Curio, a developer of advanced nuclear recycling technologies, said it has received a cost-share award from the U.S. Department of Energy to accelerate development of its proprietary NuCycle process for recycling used nuclear fuel from light-water reactors.
The award is intended to support Curio’s transition from detailed engineering and design work into pilot-scale equipment development and, ultimately, commercial deployment.
Curio said the funding will support a collaboration with Idaho National Laboratory and Pacific Northwest National Laboratory, along with other technical organizations, to optimize NuCycle for scale-up and commercialization. The effort’s core aim is to produce detailed engineering designs and specifications for NuCycle’s key processes and to prepare for a pilot-scale demonstration.
According to the company, NuCycle was designed to improve the economics of fuel recycling by increasing resource utilization through uranium recovery as UF6, reducing high-level waste generation through complete recovery of minor actinides and key isotopes, and strengthening security through the co-extraction of transuranics.

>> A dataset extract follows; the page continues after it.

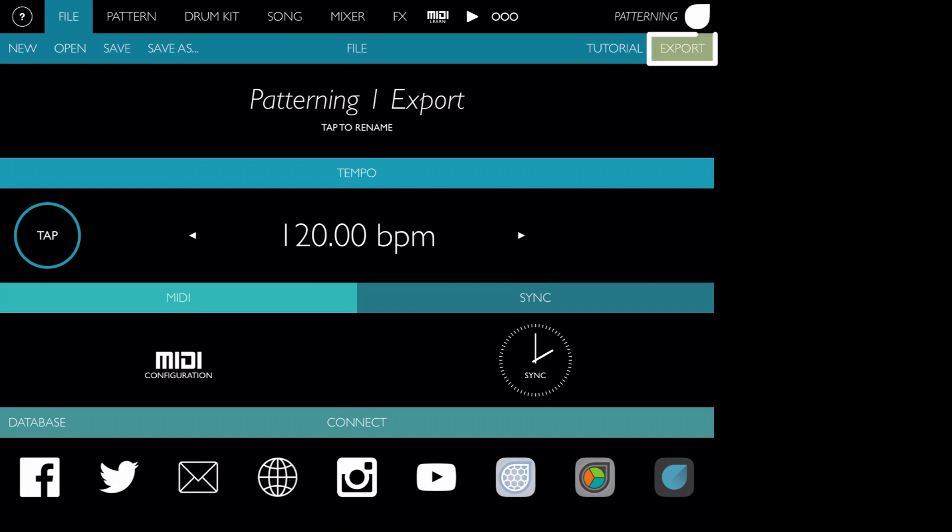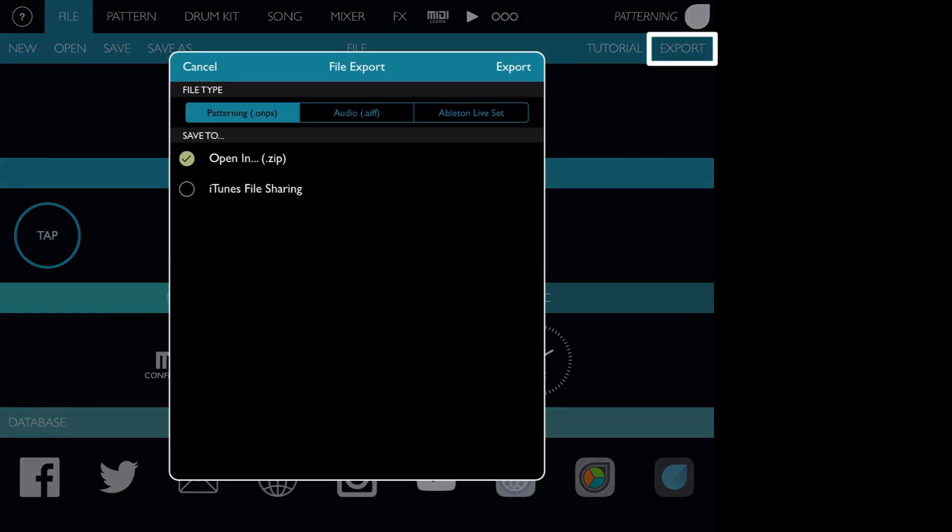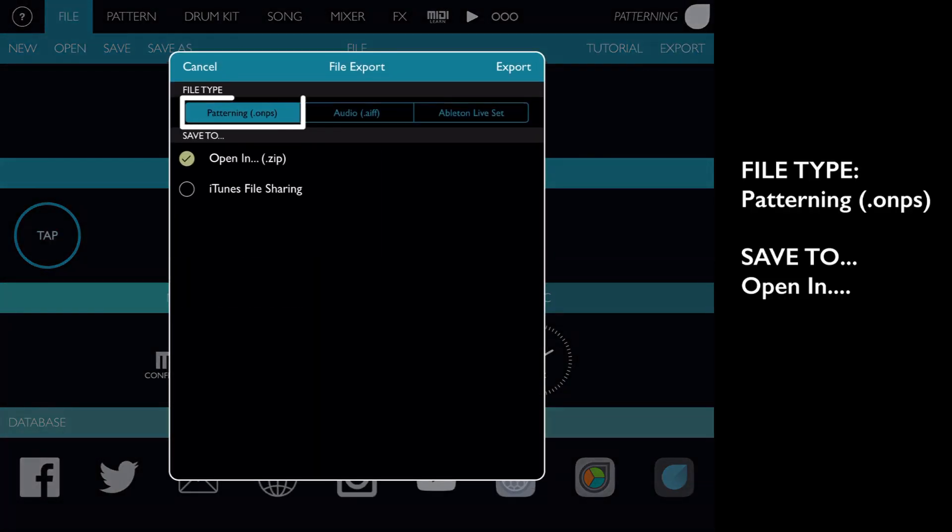On the file screen, tap the Export button. Choose Patterning as the file type, and Open In as the Save To location. Then press Export.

Curio also pointed to prior cost-shared work conducted over the past three years under the Department of Energy’s ARPA-E and GAIN initiatives. The company said those efforts included laboratory-scale experiments, safeguards and security by design, advanced modeling and simulation, waste form development, and techno-economic analyses, which it said reduced operational uncertainties and demonstrated individual unit operations.
Curio describes its broader mission as advancing sustainable nuclear power generation, fuel recycling, and waste management as part of what it calls “The 2nd Nuclear Era.” The company said it has achieved lab-scale validation across four DOE national labs, secured $14 million in competitive federal grants, and partnered with Utilities Service Alliance (USA) on collaboration and supplier-partner agreement options tied to its network of U.S. member reactors.
KEY QUOTE:
“This award is further validation of Curio’s game-changing advanced nuclear recycling technology and process for the future of nuclear energy in the United States. With the Department of Energy’s partnership, Curio’s NuCycle is now moving decisively towards scaling up for ultimate full commercialization. NuCycle will fundamentally change how used nuclear fuel is processed and managed. By dramatically increasing resource recovery while minimizing waste and embedding safeguards by design, NuCycle is poised to dramatically unlock this untapped national resource in a safe, secure and economically robust manner.”